Dalam sejumlah hal, Ibnu Taimiyah telah melampaui pemikiran ilmuwan lainnya
terutama dalam kajian kemakmuran ini yang sangat mengagumkan untuk sebuah tesis
pemikiran di penghujung abad ke 7 Hijriyah masa itu.
1.4.4.Persaudaraan
Setiap muslim adalah bersaudara, demikianlah
yang tercantum di dalam Al-Qur’an:
إِنَّمَا
ٱلۡمُؤۡمِنُونَ إِخۡوَةٌ۬ فَأَصۡلِحُواْ بَيۡنَ أَخَوَيۡكُمۡۚ وَٱتَّقُواْ ٱللَّهَ
لَعَلَّكُمۡ تُرۡحَمُونَ
Sesungguhnya
orang-orang mu’min itu bersaudara kerena itu damaikanlah antara kedua saudaramu
dan bertakwalah kepada Allah SWT supaya kamu mendapat rahmat. QS Al-Hujuraat:
10.
Semua muslim adalah bersaudara. Karena itu
jika bertengkar mereka harus bersatu kembali dan bersaudara seperti biasanya.
Hal ini diperkuat oleh larangan Rasulullah SAW terhadap permusuhan antar
muslim. Abu Ayyub Al-Anshary meriwayatkan bahwa Rasulullah saw bersabda “Tidak
seorang muslim memutuskan silaturrahmi dengan saudara muslimnya lebih dari tiga
malam yang masing-masingnya saling membuang muka bila berjumpa. Yang terbaik di
antara mereka adalah yang memulai mengucapkan salam kepada yang lain.” .
Persaudaraan yang dimaksudkan adalah bukan
menurut ikatan geneologi tapi menurut ikatan iman dan agama. Hal tersebut
diisyarakat dalam larangan Allah SWT mendoakan orang yang bukan Islam setelah
kematian mereka. Firman Allah SWT “Tiadalah sepatutnya bagi nabi dan
orang-orang yang beriman meminta ampun bagi orang-orang musyrik walaupun
orang-orang musyrik itu adl kerabatnya.”
Ini sama sekali tidak berarti bahwa seorang
muslim diijikankan mengabaikan ikatan keluarganya walaupun dangann kerabat non
muslim. Dasar kebajikan kepada orang tua dan keluarga dapat ditemukan dalam
Al-Qur’an sendiri. Firman Allah SWT “Dan kami wajibkan manusia berbuat baik kepada kedua ibu bapaknya.”
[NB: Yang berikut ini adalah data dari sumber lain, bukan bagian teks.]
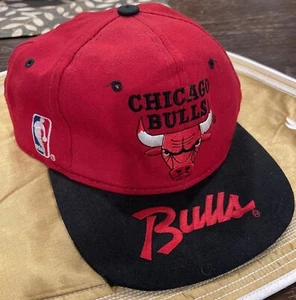 Vintage 90s Jordan Era Sports Specialties Chicago Bulls Script Snapback Hat Rare - Picture 1 of 8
Mengutamakan persaudaraan Islam lebih dari
yang lain sama sekali tidak mempengaruhi ikatan darah biarpun dangan kerabat
non-Muslim. Nabi SAW menekankan pentingnya membangun persaudaraan Islam dalam
batasan-batasan praktis dalam bentuk saling peduli dan tolong menolong. Sebagai
contoh Beliau bersabda “Allah SWT menolong hamba-Nya selama hamba itu menolong
saudaranya” . Bodoh sekali seorang muslim yang mengharapkan belas kasih khusus
dari Allah SWT jika ia tidak memiliki kepedulian terhadap kesejahteraan muslim
lainnya.
Sebagai akibatnya persaudaraan kaum muslim
tidak saja merupakan aspek teoritis ideologi Islam tapi telah terbukti dalam
praktek aktual pada kaum muslim terdahulu ketika mereka menyebarkan Islam ke
penjuru dunia. Kemanapun orang-orang Arab muslim pergi apakah itu ke Afrika
India atau daerah-daerah terpencil Asia mereka akan disambut hangat oleh
orang-orang yang telah memeluk Islam tanpa melihat warna kulit ras atau agama
lamanya. Tidak ada tempat dalam Islam bagi pemisahan kelas maupun kasta.Tata
cara melaksanakan shalat tidak ada tempat istimewa dan semua harus berdiri bahu
membahu dalam baris-baris lurus. Demikian pula dalam pemilihan imam tidak
didasarkan status sosialnya dalam masyarakat namun atas kemampuannya dalam
menghafal al-Qur’an.
Itulah mengapa seorang imam dapat ditunjuk
dari anak yang berusia enam tahun sebagaimana kejadian
pada seorang shahabat muda Salamah. Nabi Muhammad SAW.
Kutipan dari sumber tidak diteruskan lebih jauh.